Los perros se callaron y el ruido de metal contra piedras comenzó a sonar a la mitad de la calle. No salió nadie a ver. A nadie parecía interesarle ver el abatimiento entre los hombres, como si hubieran acostumbrado a sus oídos a escuchar algo natural, como es ya natural el viento que pega en las ventanas y levanta la tierra del camino, como los perros, el viento contra los árboles y el cantar de los gallos.
El del machete chocó contra las piedras su filosa arma, el otro no dejó de esquivar y de saltar con los pies, los ojos y el miedo. Entre los dos parecía librarse una venganza. Se movían poco a poco desde lo lejos hacia donde yo estaba. Caminé varios pasos hacia atrás viendo que se pegaban al muro de piedra que se levantaba sobre las casas. Miraba con cierta duda y temor al hombre del machete que en variadas ocasiones gritó furioso el nombre de Irineo. Con la punta del arma el hombre señaló la cabeza de Irineo y amenazó y juró una y otra vez matarlo hoy y cada noche que se lo encontrara. Miró en dirección mía y no supe responder con nada.

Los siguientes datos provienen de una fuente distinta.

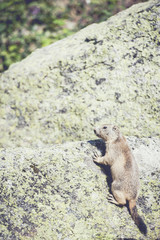 Petite marmotte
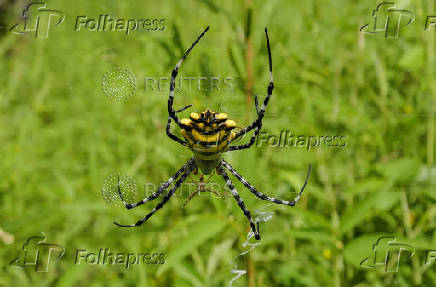 Argiope australis spider is seen at  Popenguine Nature Reserve in Popenguine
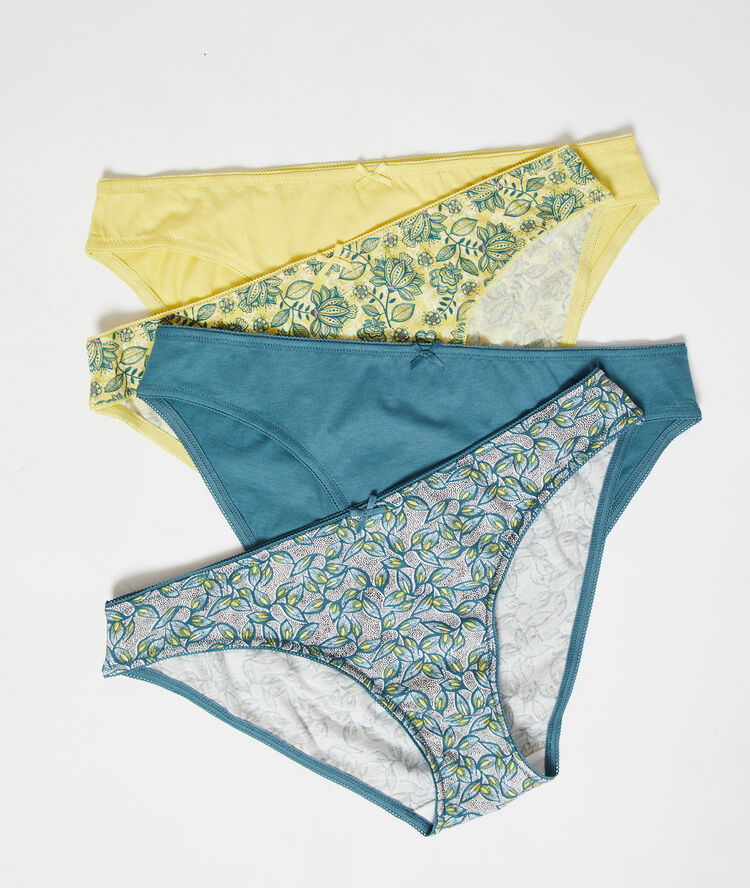 Pack of 4 briefs anise.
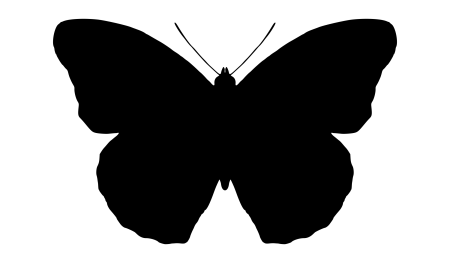 Картинки бабочка чб без фона (50 фото)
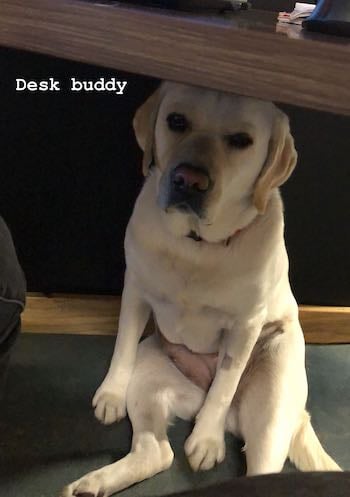 Dog friendly office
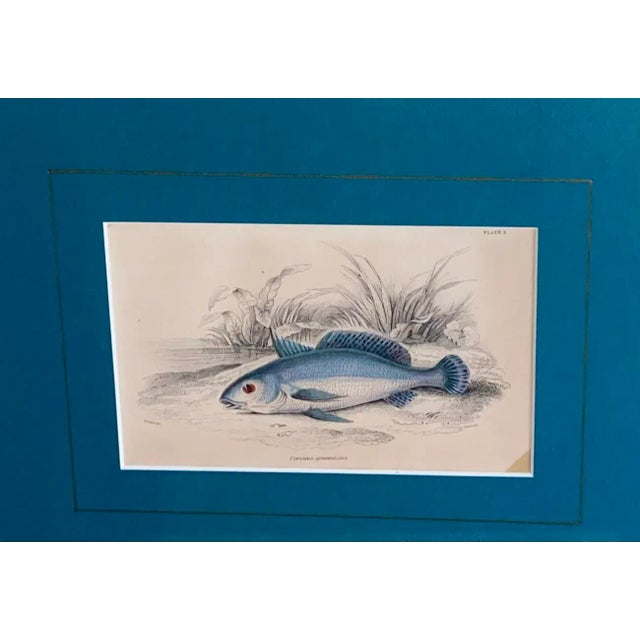 Paper Decorative Hand-Tinted Antique Fish Prints With Identification - a Pair, Framed For Sale - Image 7 of 9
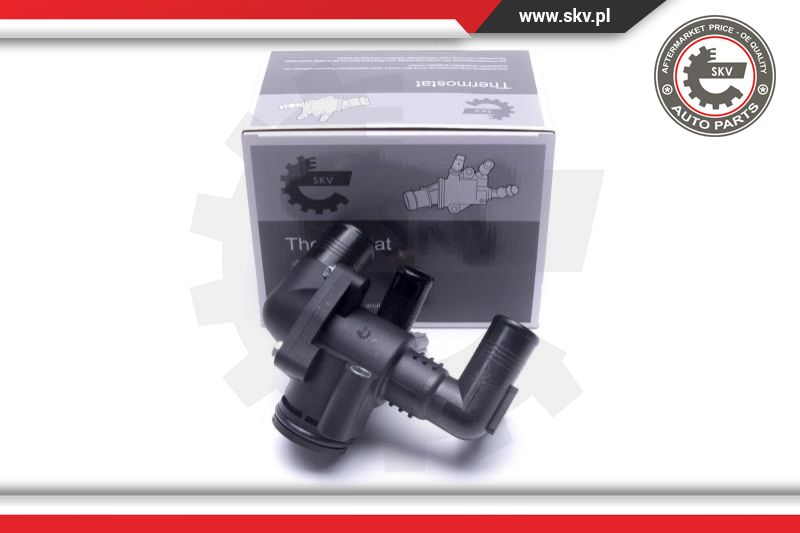 Thermostat, coolant (20SKV187)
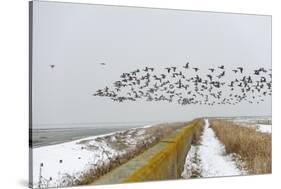 Flock of Dark-Bellied Brent Geese (Branta Bernicla) Flying over Sea Wall, South Swale, Kent-Terry Whittaker-Stretched Canvas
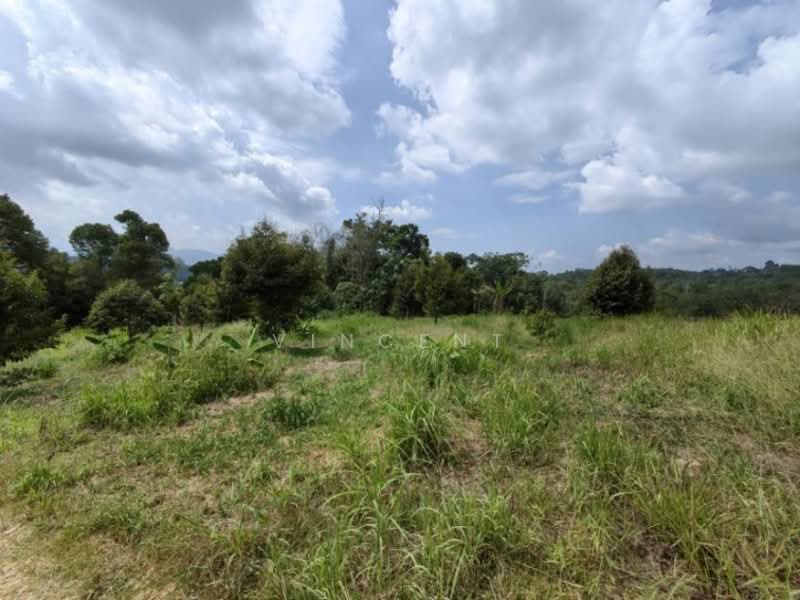 Tanah Pertanian untuk Dijual di Bandar Raub Perdana (Raub) - Vincent Tee - PropertyGuru.com.my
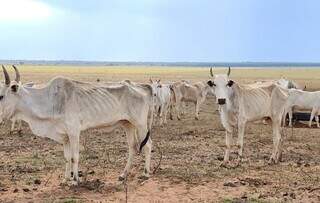 Fazendeiro &eacute; multado em R$ 368,5 mil por gado desnutrido e animais mortos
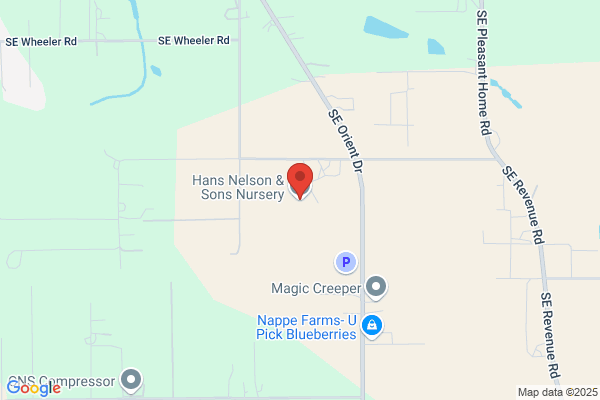 Nelson Hans & Sons Nursery Inc
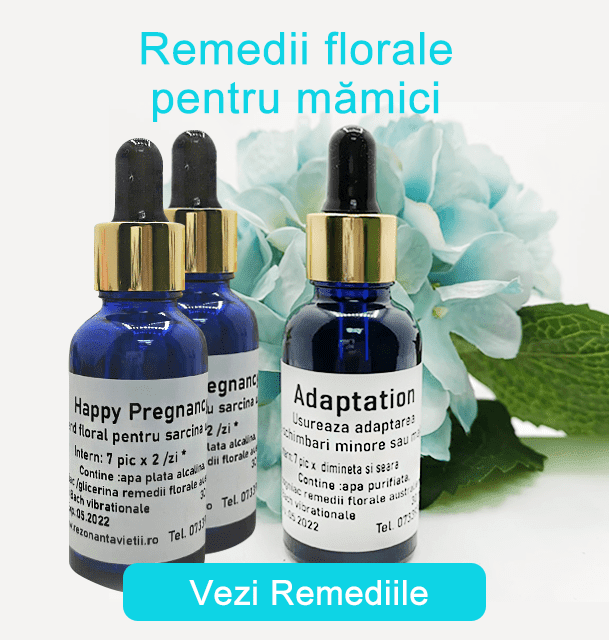 Remedii florale pentru mamici- Rezonantavietii Remedii florale pentru mamici- Rezonantavietii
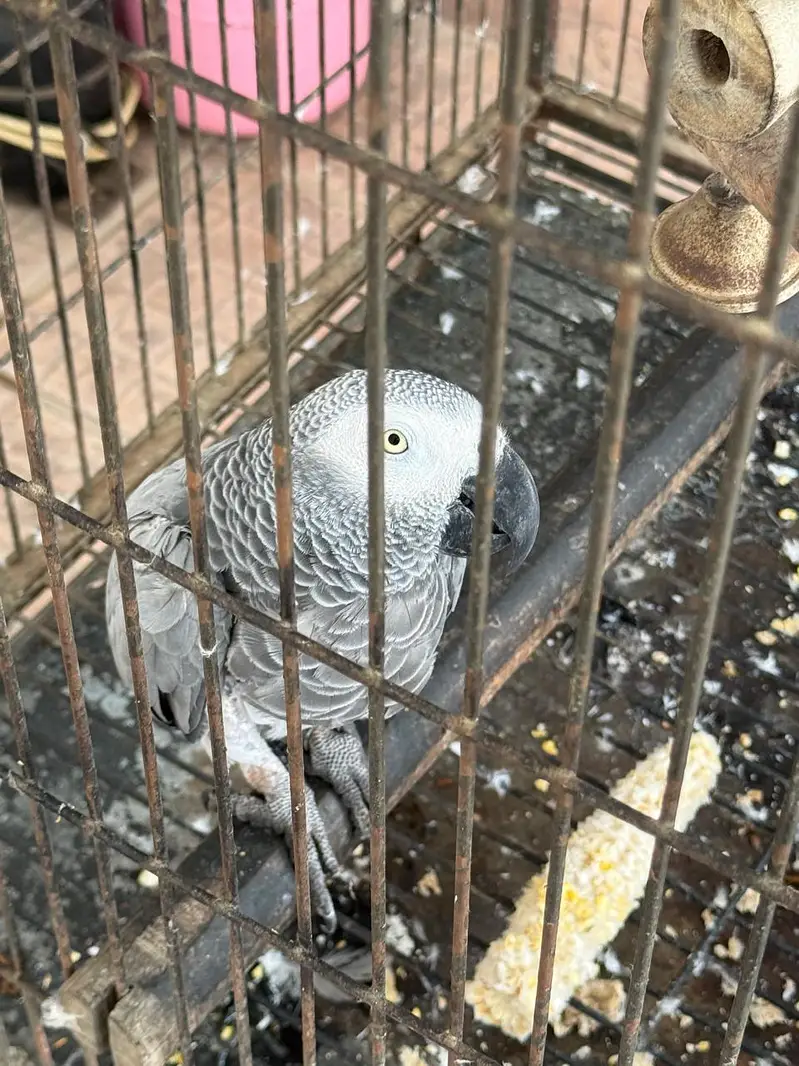 CONGO AFRICAN GREY PARROT FOR SALE — photo 3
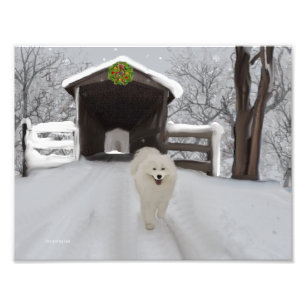 Samoyed 11" x 8.5", Kodak Pro. Photo Paper (Satin) Print
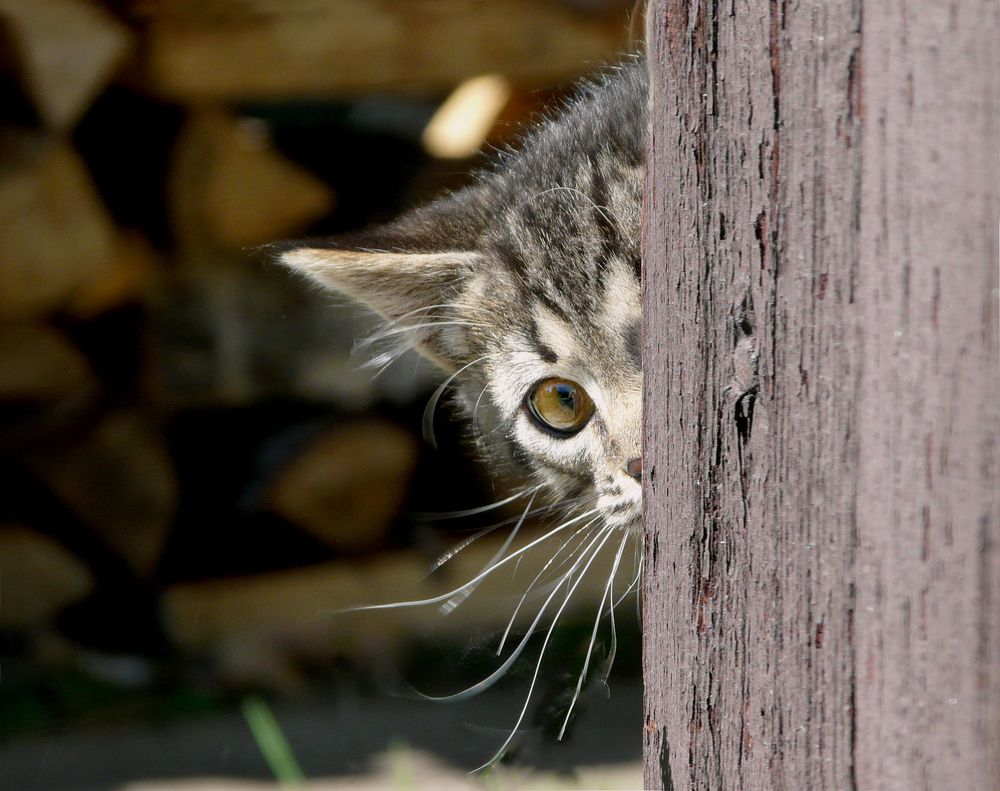 Photograph by Валентин Кузьмин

El hombre, de dos tajos, le cortó una pierna y una mano y los vi caer y disiparse en la espesa niebla de la noche.
La calle se alumbró por el foco de dos o tres casas. La luna, que había salido un momento, volvió a ocultarse y los grillos, también, habían guardado aliento para más tarde. Vi en el suelo un resto de sangre que escurría entre las piedras del camino.
Crucé la reja, el muro de piedras y entré en la casa. Un azote se escuchó en el corral. Cerré la puerta y me hundí en la cama. No dejé de pensar por varios minutos en la pelea, la facilidad con que el machete había pasado por la carne y por el hueso. Después, recuerdo, me quedé dormido pensando en los ojos del machetero.